FIG. 7 is an explanatory diagram of a configuration of an error signal generation unit that generates a track error signal by a differential push-pull method using three beams and a signal generation method.

FIG. 8 is a schematic configuration diagram of an optical pickup device showing still another example of the related art.
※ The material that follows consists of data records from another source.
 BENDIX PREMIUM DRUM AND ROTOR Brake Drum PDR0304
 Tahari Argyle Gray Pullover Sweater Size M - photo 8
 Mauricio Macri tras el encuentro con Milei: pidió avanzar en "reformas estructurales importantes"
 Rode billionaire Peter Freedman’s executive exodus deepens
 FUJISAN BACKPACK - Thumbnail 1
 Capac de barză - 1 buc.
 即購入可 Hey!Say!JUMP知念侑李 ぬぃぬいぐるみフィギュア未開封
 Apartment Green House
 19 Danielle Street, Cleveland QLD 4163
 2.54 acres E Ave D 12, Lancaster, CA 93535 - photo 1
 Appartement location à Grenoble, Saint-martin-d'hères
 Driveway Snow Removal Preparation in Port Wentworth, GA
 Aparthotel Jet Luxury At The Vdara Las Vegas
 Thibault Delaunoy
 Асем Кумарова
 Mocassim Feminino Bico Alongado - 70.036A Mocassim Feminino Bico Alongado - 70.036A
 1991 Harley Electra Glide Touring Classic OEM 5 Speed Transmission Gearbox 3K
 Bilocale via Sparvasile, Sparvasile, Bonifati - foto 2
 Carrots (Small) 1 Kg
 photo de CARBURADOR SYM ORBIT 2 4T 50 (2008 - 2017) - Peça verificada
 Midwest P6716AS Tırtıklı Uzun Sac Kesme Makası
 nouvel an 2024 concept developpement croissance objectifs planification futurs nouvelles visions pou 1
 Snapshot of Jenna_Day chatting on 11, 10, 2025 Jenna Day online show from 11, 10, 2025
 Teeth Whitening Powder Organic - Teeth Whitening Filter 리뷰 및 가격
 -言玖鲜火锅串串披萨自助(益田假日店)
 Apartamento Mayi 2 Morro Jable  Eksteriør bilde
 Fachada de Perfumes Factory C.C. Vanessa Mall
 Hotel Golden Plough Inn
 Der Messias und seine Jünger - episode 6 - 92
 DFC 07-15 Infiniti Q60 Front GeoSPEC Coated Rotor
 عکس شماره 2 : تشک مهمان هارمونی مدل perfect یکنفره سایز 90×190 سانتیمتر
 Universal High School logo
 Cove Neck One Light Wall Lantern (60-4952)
FIG. 9 is a schematic configuration diagram of an optical pickup device showing still another example of the related art.

[Explanation of symbols]

 DESCRIPTION OF SYMBOLS 1 Semiconductor laser 2 Collimator lens 3 Diffraction element 4 Beam shaping prism 5 'Polarization beam splitter 6 1/4 wavelength plate 7 Objective lens 8 Optical storage medium 9 Detection lens 10 Cylindrical lens 11 Light receiving element

Claims (4)

[Claims] 1. A semiconductor laser, a diffraction element for diffracting a beam emitted by the semiconductor laser, a beam shaping means for expanding a diameter of the beam, and an objective lens for condensing the beam on an optical storage medium. In the optical pickup device, the diffraction element has a first-order or higher-order phase transfer function α · y with respect to a first-order phase transfer function α · y in a rectangular coordinate system (x, y) taking a y-axis in a diffraction separation direction. Equation (1) to which a higher-order correction term σ (x, y) is added, φ (x, y) = α · y + σ (x, y) (1) An optical pickup device characterized by the following. 2. The optical pickup device according to claim 1, wherein the beam from the semiconductor laser is diffracted and separated by the diffraction element into three beams of zero-order diffracted light and positive and negative first-order diffracted light, and the beam shaping means. An optical pickup device comprising: a main beam spot and a pair of side beam spots, which are condensed on an optical storage medium by the objective lens after the beam diameter is enlarged by the objective lens. 3. The optical pickup device according to claim 1, wherein a y-axis, which is a diffraction separation direction of the diffraction element, substantially coincides with a direction in which a beam diameter is expanded by the beam shaping unit. Optical pickup device. 4. The optical pickup device according to claim 1, wherein the correction term σ (x, y) is calculated by using the following equations (2) and ψ (x, y) using constants β and γ. ) = Β · x ² · y + γ · y ³ (2) An optical pickup device including a coma aberration correction term ψ (x, y).